My neighbourhood is really quiet so no one really has any parties. It is a shame though how much it is changing. We live in midtown and it has recently become a really popular area because it is quiet yet on the subway line. We now have condo developments everywhere and all the little shops I grew up with have been knocked down or replaced by big commercial chains. It makes me want to cry! 

The demographics also changed a lot. We went from a very Canadian neighbourhood to mostly immigrants (mind you .. I am also an immigrant). My block is one of the only blocks the still have the same people as 15 years ago.

We live one block east and 2 blocks south of the main streets. It is a matter of time before development hits us. My neighbours also has signs up saying they will not approve of any zoning changes.


----------



## msmagnolia (Sep 8, 2004)

I've never had a bad neighbor. We lived in our last neighborhood for 12 years, before moving to MS, and our next door neighbors were our best friends. In fact, I'm going to visit them after Memorial Day. This neighborhood is very quiet. Most people are either retired or work so no one really socializes, but everyone is respectful of each other and very nice. I guess we're really lucky. I can't imagine having awful neighbors.


----------



## doctorcathy (May 17, 2004)

yeah, i hate my neighbors. and one of them started a fight with me saying that i was "below them" because i rent.







we call her the "alcoholic" now. and then the other neighbor kept parking his trailer in front of my house (when he had room in front of his house) and another neighbor is friends with the alcoholic so he sees my dogs and called them "maniacs". i called animal control on him because he kept having his dog off leash.

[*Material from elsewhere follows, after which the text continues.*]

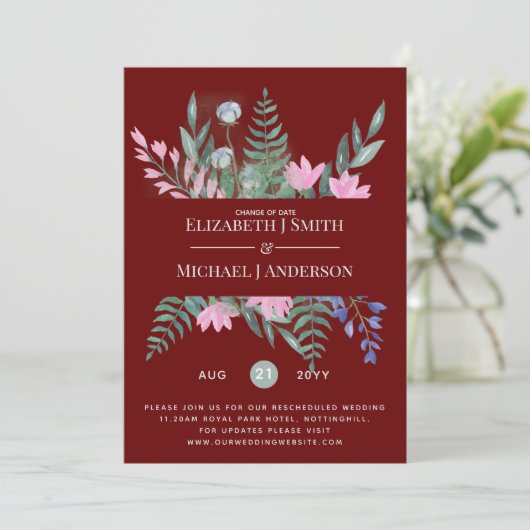 Änderung der Datumspläne Aufschiebung der Wildblum (Stehend Vorderseite)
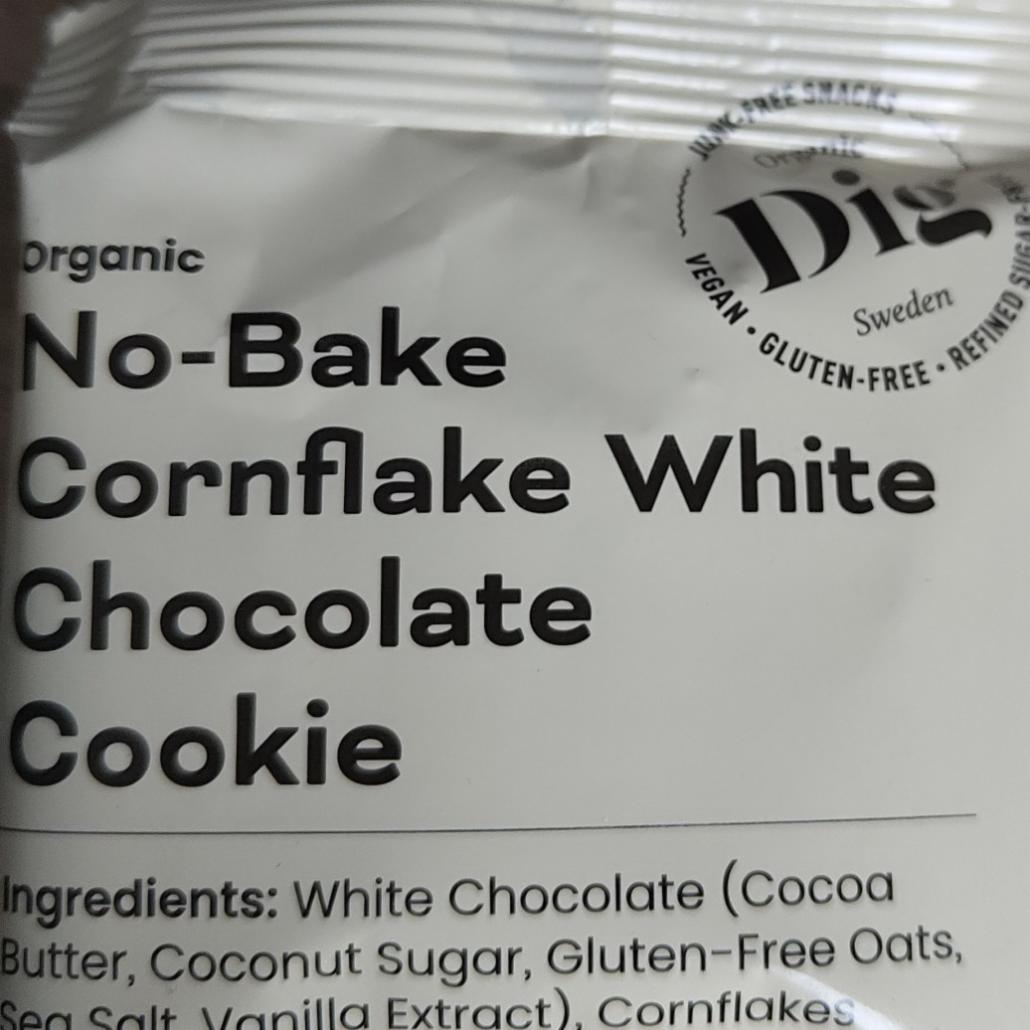 Fotografie - Organic No-Bake Cornflake White Chocolate Cookie Dig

AND i made sure to call when i was outside and he was outside...and i spoke really loud. 

OH! and then they started doing ****. like my back neighbor would throw things at gruffi. then a week ago someone opened the gate to my backyard (knowing that we have the dogs out there a lot) and then a couple days after that....they went into my backyard and went to the control panal thingy for the electricity---and turned off one of the switches at 10pm.









we had to lock are gate now. im pissed off.


----------



## Lilly521 (May 29, 2004)

I only have a proubly with 1 of my neighbors now, long story. But in my old neighborhood we were the ones everyone hated







my dad would pay the kid across the street like $1 to mow our yard and clean up all the tree clippings, it was just awful.


----------



## Littlemans Mom (Apr 6, 2005)

Add me to the list that seems to be growing







It wasn't always like this, when we first moved in we loved it here,most of the people around us were retired , they were so nice to us, my Daughter used to say when she walked home from school it was like MR. Rogers lived around here....LOL... but as time went on, one by one the houses sold(as the people aged or passed away) and the new people that moved in are..well, let's just say not very friendly. It would take me a novel to tell all that has gone on


----------



## rubyjeansmom (Jan 6, 2005)

We are very lucky. We've lived here for 31 years and have seen many changes. But we have really good neighbors now.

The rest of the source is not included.